Your response to the data below should hold nothing except the lines from the one containing "People stand in" down to the one containing "Migrant workers in", reproduced exactly and without pictures.

_RECORD EXCERPTS_
-*-*-

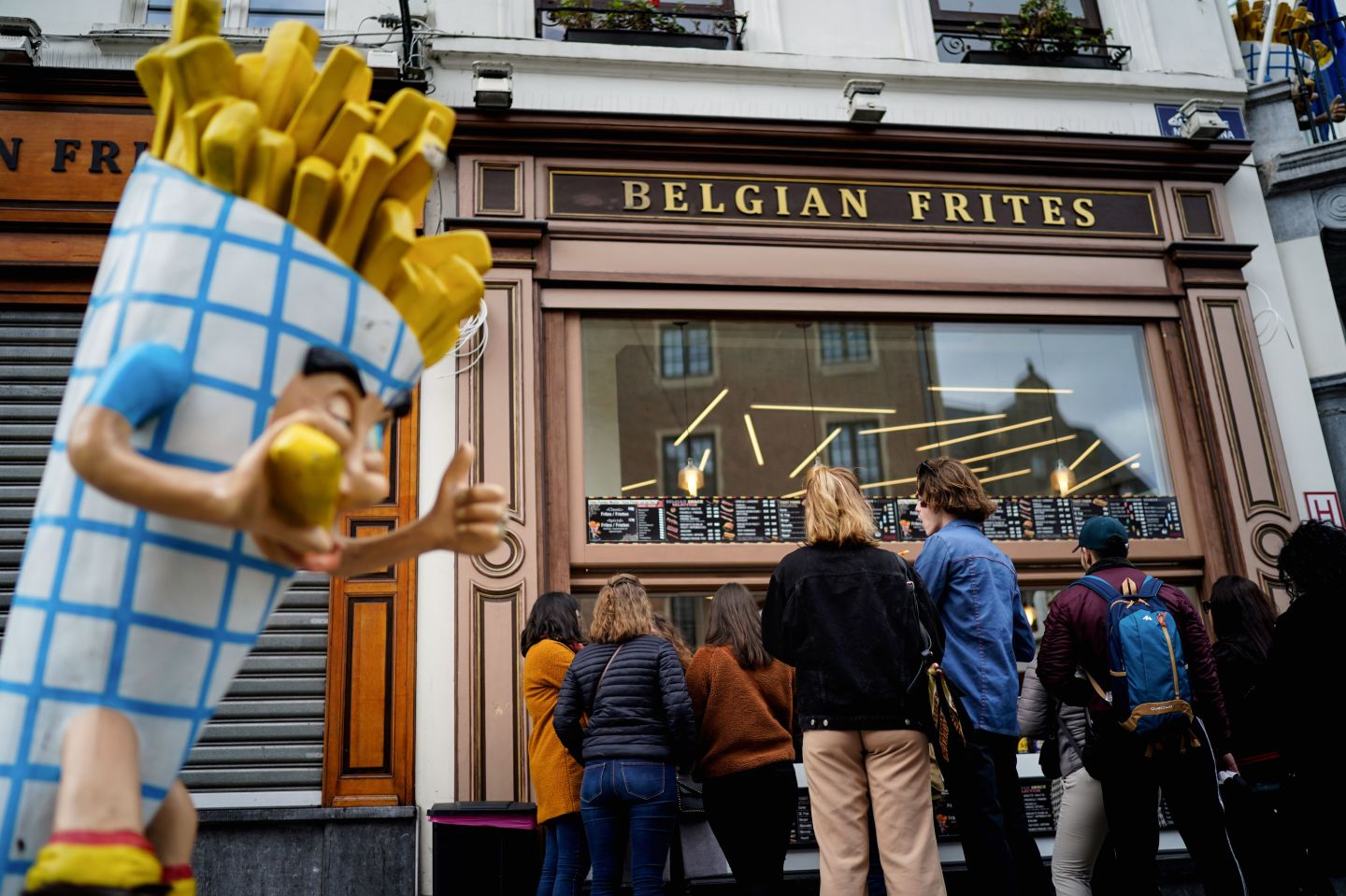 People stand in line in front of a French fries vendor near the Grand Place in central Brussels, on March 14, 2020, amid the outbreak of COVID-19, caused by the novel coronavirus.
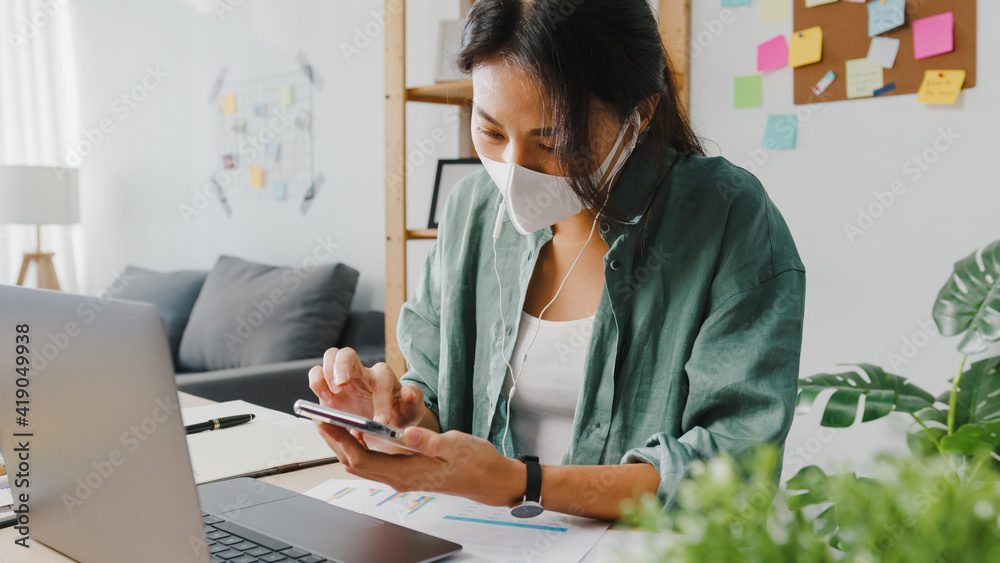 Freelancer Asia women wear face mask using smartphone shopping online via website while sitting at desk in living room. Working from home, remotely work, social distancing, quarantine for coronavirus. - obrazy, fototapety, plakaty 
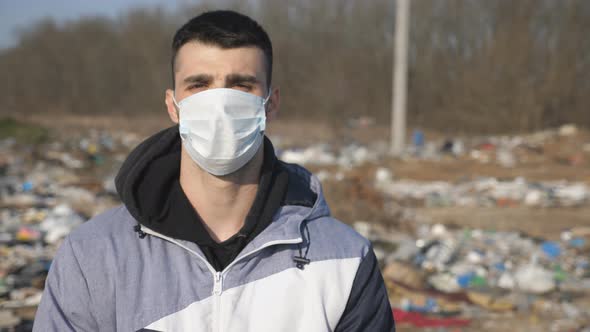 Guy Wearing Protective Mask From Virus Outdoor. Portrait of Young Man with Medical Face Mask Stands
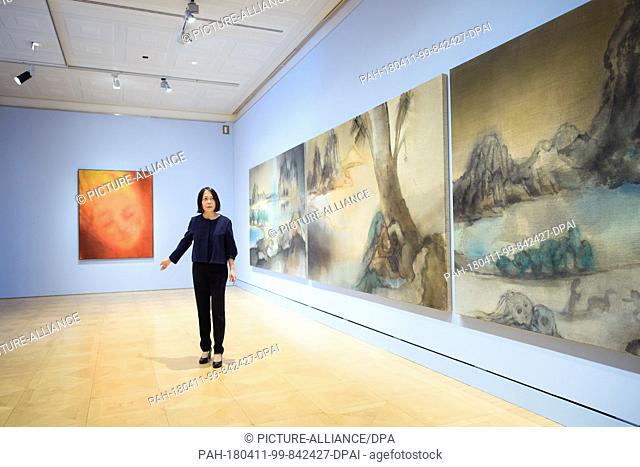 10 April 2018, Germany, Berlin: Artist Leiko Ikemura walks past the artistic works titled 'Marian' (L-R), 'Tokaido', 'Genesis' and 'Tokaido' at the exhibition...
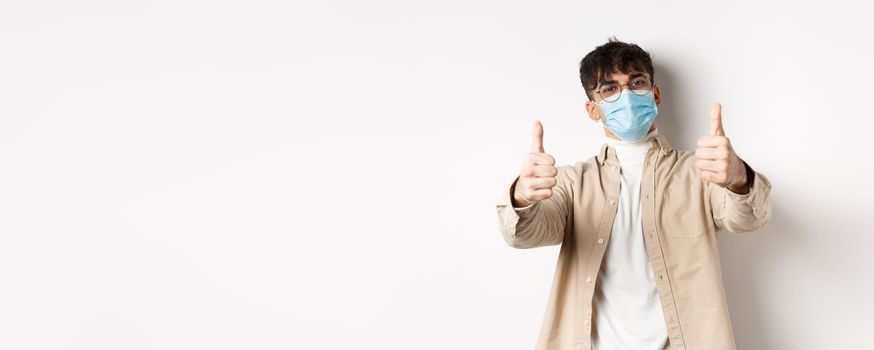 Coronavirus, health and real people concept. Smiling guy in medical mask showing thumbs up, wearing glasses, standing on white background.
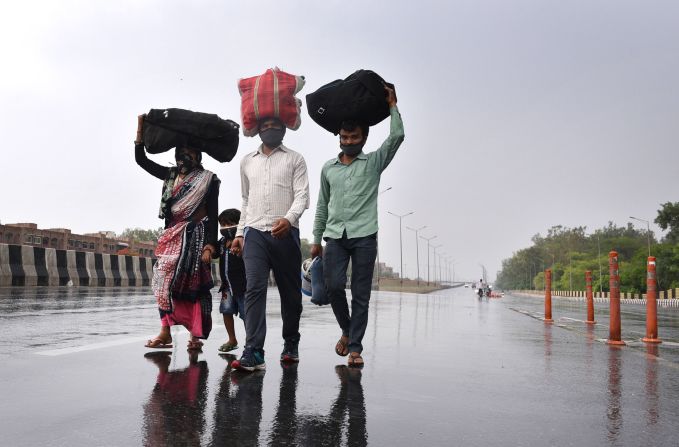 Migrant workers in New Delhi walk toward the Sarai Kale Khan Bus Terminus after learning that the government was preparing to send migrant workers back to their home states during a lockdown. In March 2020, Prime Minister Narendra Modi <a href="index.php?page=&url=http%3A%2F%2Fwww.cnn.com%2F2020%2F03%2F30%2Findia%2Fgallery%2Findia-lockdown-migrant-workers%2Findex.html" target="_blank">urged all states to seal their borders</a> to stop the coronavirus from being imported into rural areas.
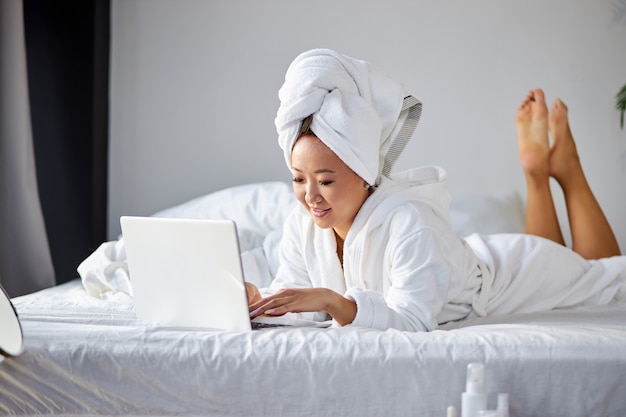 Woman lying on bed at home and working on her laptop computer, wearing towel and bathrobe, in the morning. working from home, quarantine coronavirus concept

-*-*-

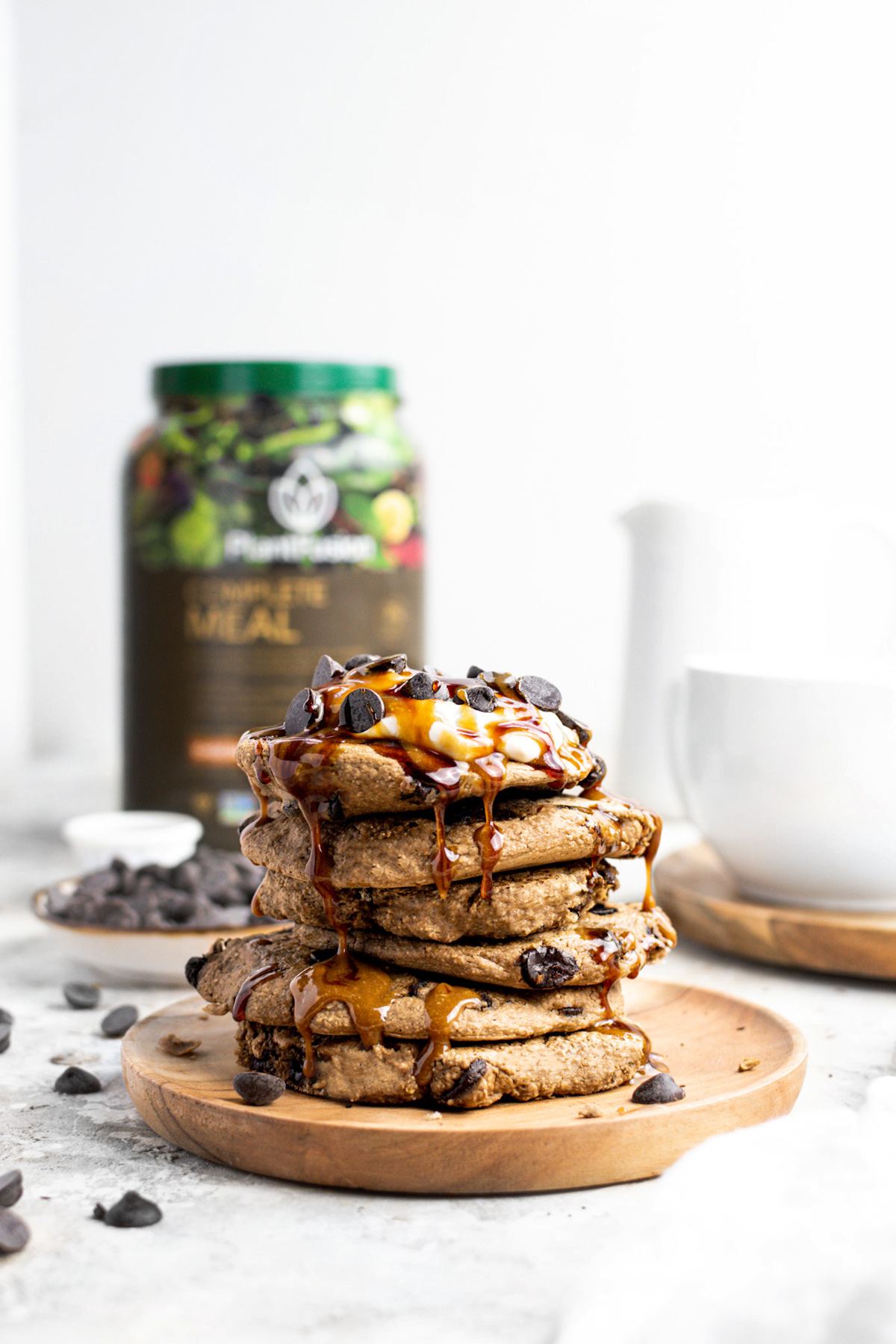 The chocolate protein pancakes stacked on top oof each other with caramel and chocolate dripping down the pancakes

-*-*-

_RESPONSE FOR THIS EXERCISE_
 People stand in line in front of a French fries vendor near the Grand Place in central Brussels, on March 14, 2020, amid the outbreak of COVID-19, caused by the novel coronavirus.
 Freelancer Asia women wear face mask using smartphone shopping online via website while sitting at desk in living room. Working from home, remotely work, social distancing, quarantine for coronavirus. - obrazy, fototapety, plakaty 
 Guy Wearing Protective Mask From Virus Outdoor. Portrait of Young Man with Medical Face Mask Stands
 10 April 2018, Germany, Berlin: Artist Leiko Ikemura walks past the artistic works titled 'Marian' (L-R), 'Tokaido', 'Genesis' and 'Tokaido' at the exhibition...
 Coronavirus, health and real people concept. Smiling guy in medical mask showing thumbs up, wearing glasses, standing on white background.
 Migrant workers in New Delhi walk toward the Sarai Kale Khan Bus Terminus after learning that the government was preparing to send migrant workers back to their home states during a lockdown. In March 2020, Prime Minister Narendra Modi <a href="index.php?page=&url=http%3A%2F%2Fwww.cnn.com%2F2020%2F03%2F30%2Findia%2Fgallery%2Findia-lockdown-migrant-workers%2Findex.html" target="_blank">urged all states to seal their borders</a> to stop the coronavirus from being imported into rural areas.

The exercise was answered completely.